(Following excerpts are from book Inquiry to Existence by James Swartz, chapter 7. Whole text is actually from Panchadasi by Swami Vidyaranya. James provided some commentaries for legibility.

We will go through these stages in detail in class.)

Seven stages can be distinguished with respect to the realization of the Self: ignorance, veiling, projection, indirect knowledge, direct knowledge, cessation of grief and perfect satisfaction.

The Jiva/individual (reflected awareness) is affected by these seven stages. The first three causes bondage. The last four cause liberation.

A. Bondage – Stages 1 to 3

“Ignorance is the stage characterized by, “I do not know who I am”, and is the cause of the indifference to truth sustained by lack of inquiry.

  1. Ignorance (agnanam)

    At this stage a person thinks she/he is her/his thoughts and takes the world to be real. He doesn't know that he doesn't know there is a self, much less that he is it.
    Thoughts like, “The self does not exist” or “The self cannot be known” typify veiling. They persist when inquiry is not conducted along scriptural lines.

    Unconscious incompetence. “I don't know what I don't know”.

  2. Denial, veiling, concealment (avaranam) is expressed ignorance.

    He/she takes himself to the reflected self, thinks the Self is an object and says that because he can't experience it, it doesn't exist.

    Or he accepts the idea that it exists and tries to experience it by doing certain practices. If he experiences what he thinks is the self he will think he has “got it” when “getting it” is knowing that you are not the doer/enjoyer, the one that gets it.

    He does not understand that he needs to be taught and tries to read his way to liberation, interpreting the teachings according to his own lights. Interpreting the teachings is like putting the fox in charge of the chicken coop. Inquiry – discrimination of the self from its reflection – is a rigorous impersonal practice dictated by the scripture.‌

    Conscious competence. “I know that I don't know”.

  3. Projection, erroneous notions, are called vikshepa.

    He hears that there is a self,but has no idea what it is and develops all sorts fantasies about it. He thinks he is a doer and struggles to experience it, but gets frustrated and suffers a sense of unworthiness on account of his incompetence at achieving it.

I am a samsari” (stage 3), “I know the Self” (stage 4), “I am the Self” (stage 5), “I am free of suffering” (stage 6) and “I am fulfilled” (stage 7) are stages that belong to the waking-state Jīva, not to Awareness. The first two stages, “There is no Self“, and “The Self cannot be known” also belong to Jīva in its unmanifest form as Prajna, the sleep-state Jīva.

The ancient teachers say that ignorance is not possible without aware-ness, but ignorance belongs to Jīva because it identifies with ignorance. It says, “I don't know who I am“.

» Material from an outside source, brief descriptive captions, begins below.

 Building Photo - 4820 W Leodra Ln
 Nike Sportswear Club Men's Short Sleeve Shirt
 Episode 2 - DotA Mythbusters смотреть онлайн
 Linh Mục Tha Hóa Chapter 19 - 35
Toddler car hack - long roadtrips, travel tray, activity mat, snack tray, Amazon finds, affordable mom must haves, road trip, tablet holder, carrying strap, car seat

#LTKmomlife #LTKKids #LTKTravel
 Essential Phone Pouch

B. Liberation, Stages 4 to 7

  1. Indirect knowledge (prokshajnanam)

    The individual hears about Vedanta,becomes curious about it and develops some faith in it. He learns that the self exists, but often believes that is an inconceivable object only attained by “great masters”, but he persists.

  2. Direct knowledge (aparokshajnanam or anubhuti)

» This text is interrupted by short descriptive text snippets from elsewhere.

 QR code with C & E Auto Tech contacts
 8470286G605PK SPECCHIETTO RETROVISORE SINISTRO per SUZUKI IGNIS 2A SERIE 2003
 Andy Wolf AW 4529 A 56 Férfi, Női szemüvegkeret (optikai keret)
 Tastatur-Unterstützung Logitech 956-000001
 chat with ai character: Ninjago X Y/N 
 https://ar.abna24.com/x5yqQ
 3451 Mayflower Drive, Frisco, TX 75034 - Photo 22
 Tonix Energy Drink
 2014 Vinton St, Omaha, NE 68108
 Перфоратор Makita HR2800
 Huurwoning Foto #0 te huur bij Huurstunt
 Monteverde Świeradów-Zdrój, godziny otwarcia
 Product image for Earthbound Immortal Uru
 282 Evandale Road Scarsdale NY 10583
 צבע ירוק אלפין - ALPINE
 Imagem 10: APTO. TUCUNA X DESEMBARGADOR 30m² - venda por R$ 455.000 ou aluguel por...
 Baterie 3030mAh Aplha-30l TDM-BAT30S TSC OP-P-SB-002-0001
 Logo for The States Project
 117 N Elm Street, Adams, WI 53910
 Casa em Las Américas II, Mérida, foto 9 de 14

    He realizes that he cannot experience the Self as an object, because he is always experiencing it as the conscious Subject.

  3. Freedom from limitation (mokṣa)

    The knowledge, “I am the Self,” negates the doer/enjoyer, and seeking stops because he understands that the fullness he is obviates the need to worry.

  4. Total fulfillment (tripti)

    He/she realizes that he accomplished everything that needs to be accomplished and is completely satisfied. (Satisfied with “what-is”, including forces of Sattva, rajas, tamas).

The fourth and fifth stages, indirect and direct knowledge, respectively negate the idea that the self does not exist and that is not experienced. Indirect knowledge negates the misconception that awareness does not exist. Direct knowledge destroys the idea that awareness is not manifest or experienced.

When the obscuring principle is destroyed by direct knowledge, both superimposed individuality – the idea that I am person – and the notion of doership are destroyed.

When the idea of duality is destroyed by the knowledge of non-duality, a profound sense of satisfaction arises and wipes away suffering.

The scripture quoted at the beginning of this chapter refers to Stages 5 and 6: direct knowledge and freedom from doership.